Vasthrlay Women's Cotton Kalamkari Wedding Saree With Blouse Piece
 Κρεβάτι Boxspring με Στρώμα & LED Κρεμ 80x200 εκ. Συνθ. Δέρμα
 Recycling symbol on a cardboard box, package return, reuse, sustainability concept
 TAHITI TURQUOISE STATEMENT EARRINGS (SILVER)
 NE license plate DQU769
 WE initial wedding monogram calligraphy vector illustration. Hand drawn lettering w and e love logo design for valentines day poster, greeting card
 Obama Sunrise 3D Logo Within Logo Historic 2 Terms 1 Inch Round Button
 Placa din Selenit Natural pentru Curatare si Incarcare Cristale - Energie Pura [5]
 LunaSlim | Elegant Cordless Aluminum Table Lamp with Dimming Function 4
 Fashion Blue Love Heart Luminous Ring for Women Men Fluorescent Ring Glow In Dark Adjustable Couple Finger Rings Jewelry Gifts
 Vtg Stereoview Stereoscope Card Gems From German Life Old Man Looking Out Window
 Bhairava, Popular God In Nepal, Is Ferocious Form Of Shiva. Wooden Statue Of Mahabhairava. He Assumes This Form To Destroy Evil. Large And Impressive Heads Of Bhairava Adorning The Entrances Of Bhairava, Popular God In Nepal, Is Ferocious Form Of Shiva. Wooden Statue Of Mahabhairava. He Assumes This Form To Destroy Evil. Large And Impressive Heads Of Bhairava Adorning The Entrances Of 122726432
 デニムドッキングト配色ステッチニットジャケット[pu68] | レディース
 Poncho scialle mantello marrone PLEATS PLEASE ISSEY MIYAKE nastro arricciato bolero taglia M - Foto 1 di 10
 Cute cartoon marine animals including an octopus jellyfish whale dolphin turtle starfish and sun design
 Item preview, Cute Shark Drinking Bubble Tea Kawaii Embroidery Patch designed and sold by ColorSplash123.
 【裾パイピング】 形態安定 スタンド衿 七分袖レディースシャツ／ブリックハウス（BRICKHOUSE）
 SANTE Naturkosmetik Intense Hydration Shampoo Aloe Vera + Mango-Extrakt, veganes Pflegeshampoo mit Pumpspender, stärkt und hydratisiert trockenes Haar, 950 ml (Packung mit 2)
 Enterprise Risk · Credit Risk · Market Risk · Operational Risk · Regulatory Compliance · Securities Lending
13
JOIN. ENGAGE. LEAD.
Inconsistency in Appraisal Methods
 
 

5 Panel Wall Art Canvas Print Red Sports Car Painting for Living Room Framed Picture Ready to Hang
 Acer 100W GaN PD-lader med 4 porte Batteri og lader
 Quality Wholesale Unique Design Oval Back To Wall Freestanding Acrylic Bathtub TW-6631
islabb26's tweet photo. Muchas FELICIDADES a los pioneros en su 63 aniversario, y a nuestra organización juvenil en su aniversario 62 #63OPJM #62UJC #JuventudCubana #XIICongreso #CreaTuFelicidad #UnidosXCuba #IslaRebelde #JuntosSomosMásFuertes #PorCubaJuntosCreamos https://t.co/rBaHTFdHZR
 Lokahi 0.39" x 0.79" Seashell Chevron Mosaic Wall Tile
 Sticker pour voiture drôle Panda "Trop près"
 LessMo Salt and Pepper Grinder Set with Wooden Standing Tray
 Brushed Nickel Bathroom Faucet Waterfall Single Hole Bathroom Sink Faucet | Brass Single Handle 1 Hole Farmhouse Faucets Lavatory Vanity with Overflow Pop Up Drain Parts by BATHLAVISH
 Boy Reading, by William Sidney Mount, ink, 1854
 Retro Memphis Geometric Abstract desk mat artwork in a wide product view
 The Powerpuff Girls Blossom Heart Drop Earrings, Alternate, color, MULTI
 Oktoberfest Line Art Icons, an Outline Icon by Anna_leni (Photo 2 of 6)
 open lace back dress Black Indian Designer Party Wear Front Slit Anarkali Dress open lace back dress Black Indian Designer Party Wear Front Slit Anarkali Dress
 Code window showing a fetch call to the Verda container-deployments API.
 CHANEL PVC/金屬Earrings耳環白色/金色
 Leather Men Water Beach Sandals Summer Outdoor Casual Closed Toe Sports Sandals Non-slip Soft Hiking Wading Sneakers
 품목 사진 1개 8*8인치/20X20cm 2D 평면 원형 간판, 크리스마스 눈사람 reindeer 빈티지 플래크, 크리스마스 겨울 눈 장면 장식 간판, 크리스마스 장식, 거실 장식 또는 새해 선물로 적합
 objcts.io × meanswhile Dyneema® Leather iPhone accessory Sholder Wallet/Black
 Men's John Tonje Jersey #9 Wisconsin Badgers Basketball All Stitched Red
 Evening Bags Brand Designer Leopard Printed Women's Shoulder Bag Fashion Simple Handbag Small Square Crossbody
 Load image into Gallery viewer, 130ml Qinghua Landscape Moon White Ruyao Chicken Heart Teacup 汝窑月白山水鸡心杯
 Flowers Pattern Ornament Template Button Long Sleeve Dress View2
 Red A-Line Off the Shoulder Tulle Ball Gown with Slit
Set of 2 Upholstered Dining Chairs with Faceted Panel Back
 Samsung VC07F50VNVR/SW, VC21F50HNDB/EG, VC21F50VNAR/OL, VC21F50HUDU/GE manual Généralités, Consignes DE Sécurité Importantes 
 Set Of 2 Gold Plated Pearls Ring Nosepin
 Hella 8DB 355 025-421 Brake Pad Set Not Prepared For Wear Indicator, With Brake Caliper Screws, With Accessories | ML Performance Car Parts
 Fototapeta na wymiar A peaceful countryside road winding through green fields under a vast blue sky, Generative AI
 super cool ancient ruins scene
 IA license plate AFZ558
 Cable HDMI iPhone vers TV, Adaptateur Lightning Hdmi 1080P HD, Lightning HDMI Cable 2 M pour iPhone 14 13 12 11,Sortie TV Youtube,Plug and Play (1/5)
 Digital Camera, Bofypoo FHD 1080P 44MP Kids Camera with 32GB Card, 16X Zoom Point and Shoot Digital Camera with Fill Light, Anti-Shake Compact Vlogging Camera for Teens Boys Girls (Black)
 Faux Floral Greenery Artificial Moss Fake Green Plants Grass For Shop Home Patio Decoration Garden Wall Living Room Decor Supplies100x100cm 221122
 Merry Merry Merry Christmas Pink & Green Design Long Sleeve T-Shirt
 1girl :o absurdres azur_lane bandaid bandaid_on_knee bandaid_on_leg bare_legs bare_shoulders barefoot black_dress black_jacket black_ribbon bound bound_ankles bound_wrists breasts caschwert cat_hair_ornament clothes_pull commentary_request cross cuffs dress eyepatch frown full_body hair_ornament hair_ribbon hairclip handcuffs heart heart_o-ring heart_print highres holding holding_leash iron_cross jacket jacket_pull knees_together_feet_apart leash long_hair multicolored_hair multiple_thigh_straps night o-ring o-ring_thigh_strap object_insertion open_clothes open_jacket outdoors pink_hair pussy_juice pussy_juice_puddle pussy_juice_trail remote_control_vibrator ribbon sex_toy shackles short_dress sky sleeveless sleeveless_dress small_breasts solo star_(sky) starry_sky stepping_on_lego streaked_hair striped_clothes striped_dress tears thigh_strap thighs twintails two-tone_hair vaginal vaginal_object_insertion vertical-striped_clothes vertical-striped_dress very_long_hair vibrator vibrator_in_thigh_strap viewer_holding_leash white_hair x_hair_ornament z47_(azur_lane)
------------------------
[WHAT YOU ARE ASKED TO DO]: Above are the records. Copy the lines beginning at the one that has "objcts.io × meanswhile" and ending with the one that has "Load image into", unchanged.

[YOUR RESPONSE]:
 objcts.io × meanswhile Dyneema® Leather iPhone accessory Sholder Wallet/Black
 Men's John Tonje Jersey #9 Wisconsin Badgers Basketball All Stitched Red
 Evening Bags Brand Designer Leopard Printed Women's Shoulder Bag Fashion Simple Handbag Small Square Crossbody
 Load image into Gallery viewer, 130ml Qinghua Landscape Moon White Ruyao Chicken Heart Teacup 汝窑月白山水鸡心杯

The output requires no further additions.